### PROBLEM TO SOLVE
With the pictures left aside, write out the entries that follow exactly.

Dataset excerpts
§
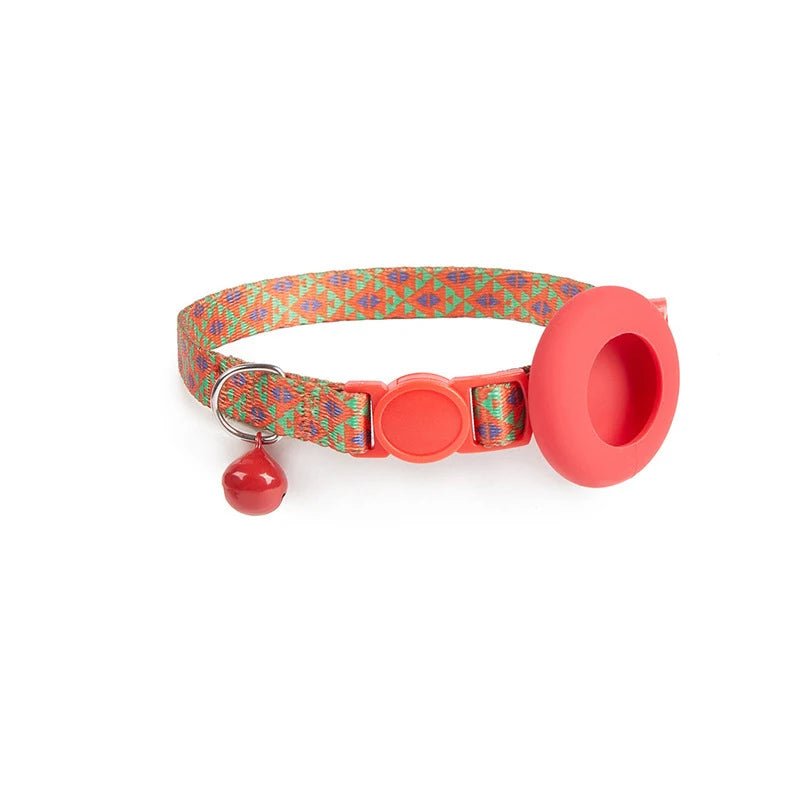 Dog Cat Bell Collar Pet Collar Silicone Airtag Case Pet Collar Protective Sleeve with Bell Convenient Colorful Pet Collar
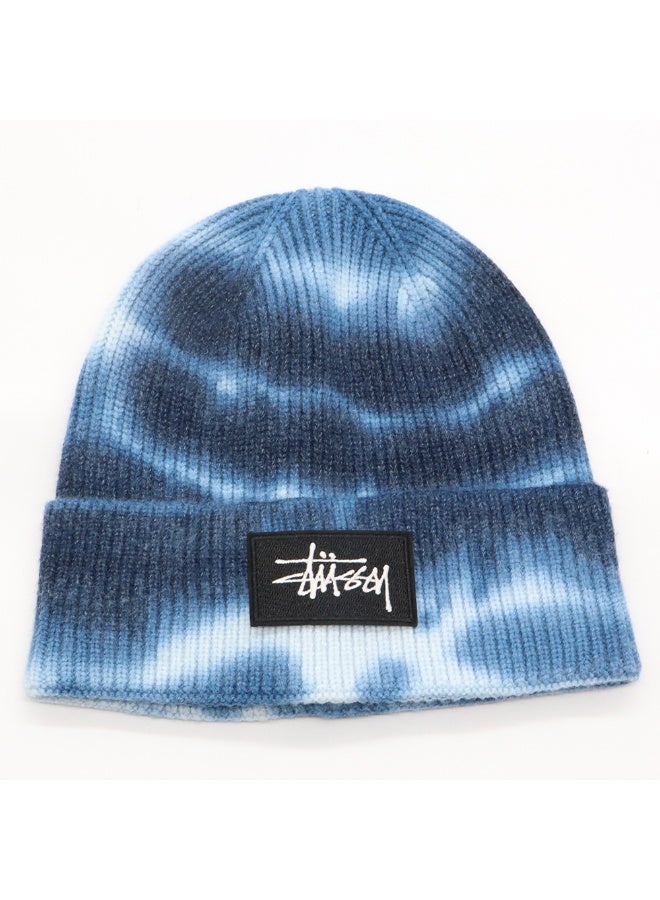 Stussy Blue Tie-Dye Knit Beanie - Iconic Signature Design | Warm & Stylish Streetwear Essential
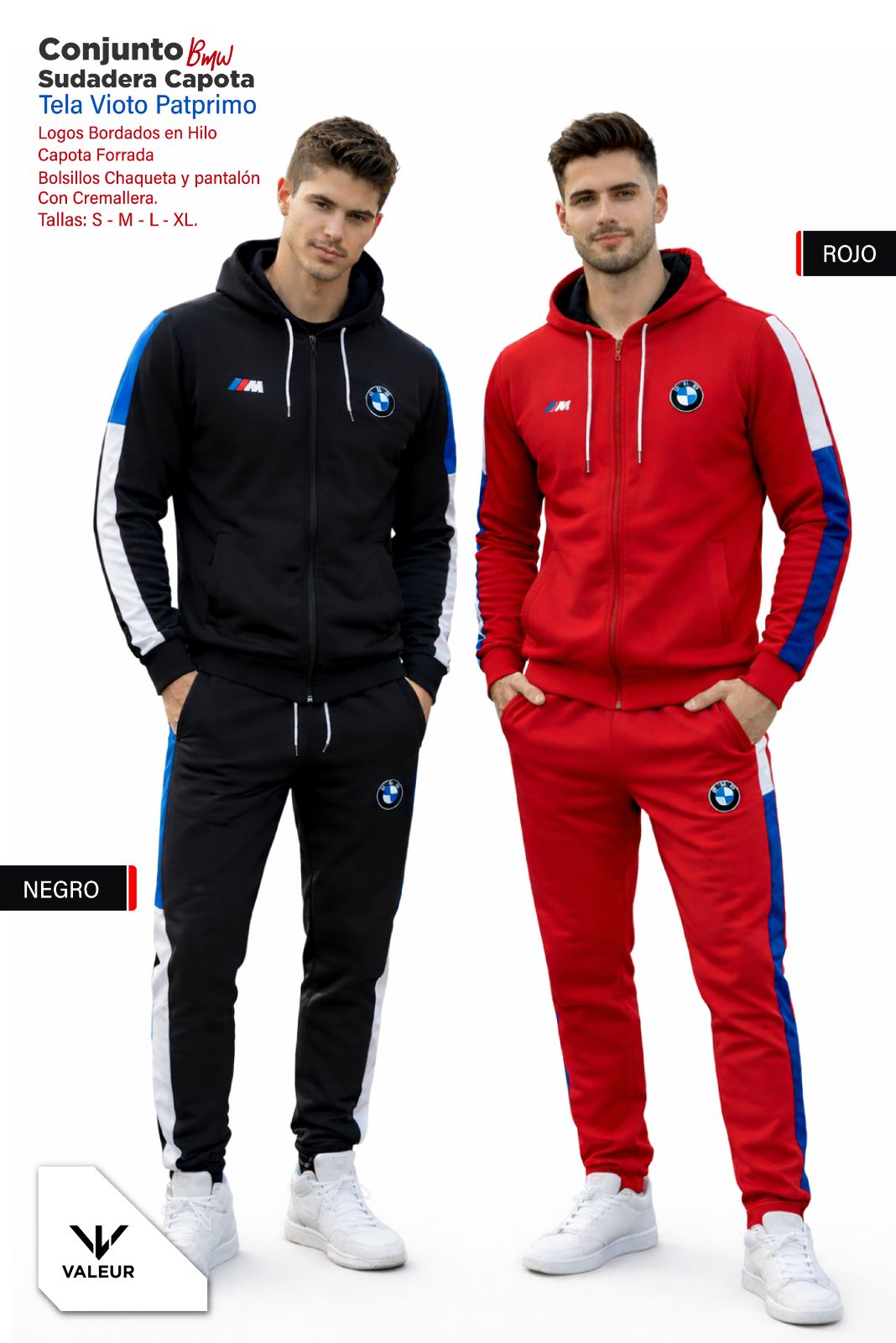 Conjunto BMW Capota Negro/Rojo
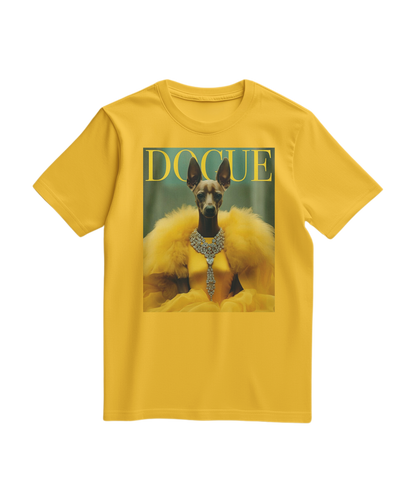 Camiseta amarela Dogue Majestic da Camalestore, t-shirt masculina com estampa de cachorro Majestic, vista frontal.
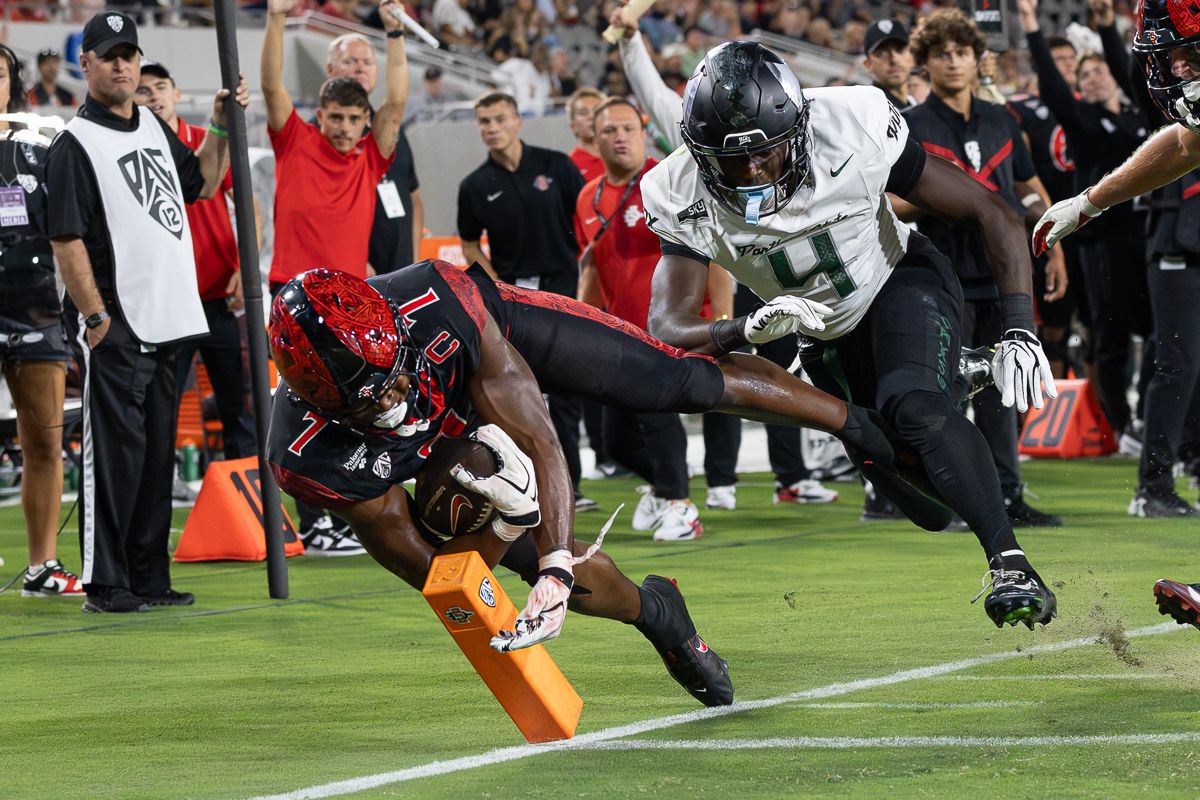 San Diego State running back Lucky Sutton (7) runs in for a touchdown against Portland State, Saturday, Sept. 5, 2026, in San Diego.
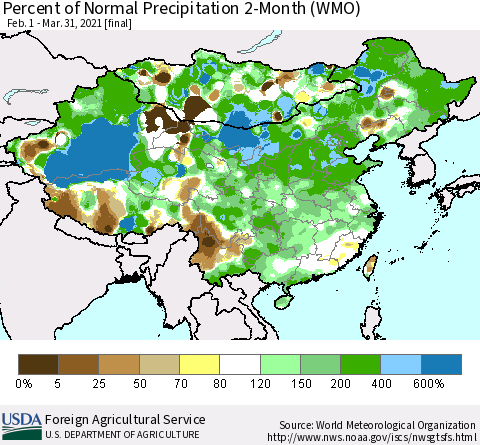 China, Mongolia and Taiwan Percent of Normal Precipitation 2-Month (WMO) Thematic Map For 2/1/2021 - 3/31/2021
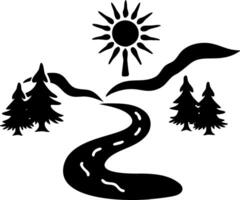 Scenic Forest Road with Trees and Sun for Nature Art and Design Projects vector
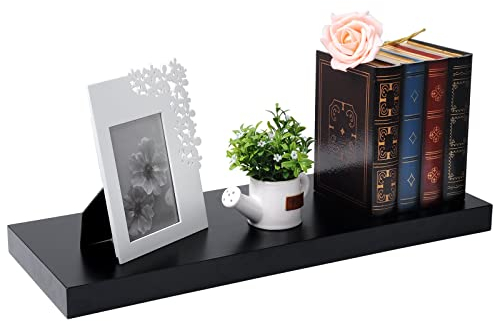 EUGAD Wandregal Schweberegal Wandboard Bücherregal Hängeregal Hochglanzoberfläche DVD CD Regal Holzbrett für Schlafzimmer Wohnzimmer Küche und Flur Schwarz breit 60cm 0050QJ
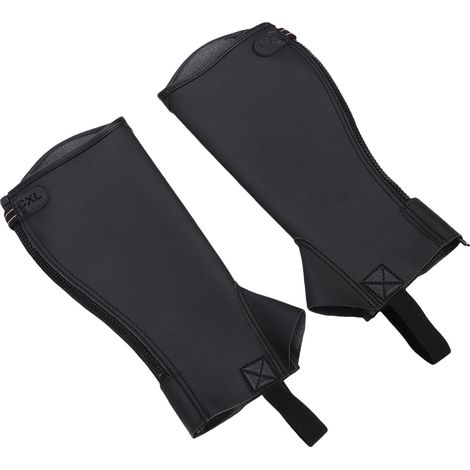 1 paire de mini-chaps d'équitation en microfibre confortable, fermeture éclair, taille jeune unisexe XL (1/5)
§
### YOUR SOLUTION
 Dog Cat Bell Collar Pet Collar Silicone Airtag Case Pet Collar Protective Sleeve with Bell Convenient Colorful Pet Collar
 Stussy Blue Tie-Dye Knit Beanie - Iconic Signature Design | Warm & Stylish Streetwear Essential
 Conjunto BMW Capota Negro/Rojo
 Camiseta amarela Dogue Majestic da Camalestore, t-shirt masculina com estampa de cachorro Majestic, vista frontal.
 San Diego State running back Lucky Sutton (7) runs in for a touchdown against Portland State, Saturday, Sept. 5, 2026, in San Diego.
 China, Mongolia and Taiwan Percent of Normal Precipitation 2-Month (WMO) Thematic Map For 2/1/2021 - 3/31/2021
 Scenic Forest Road with Trees and Sun for Nature Art and Design Projects vector
 EUGAD Wandregal Schweberegal Wandboard Bücherregal Hängeregal Hochglanzoberfläche DVD CD Regal Holzbrett für Schlafzimmer Wohnzimmer Küche und Flur Schwarz breit 60cm 0050QJ
 1 paire de mini-chaps d'équitation en microfibre confortable, fermeture éclair, taille jeune unisexe XL (1/5)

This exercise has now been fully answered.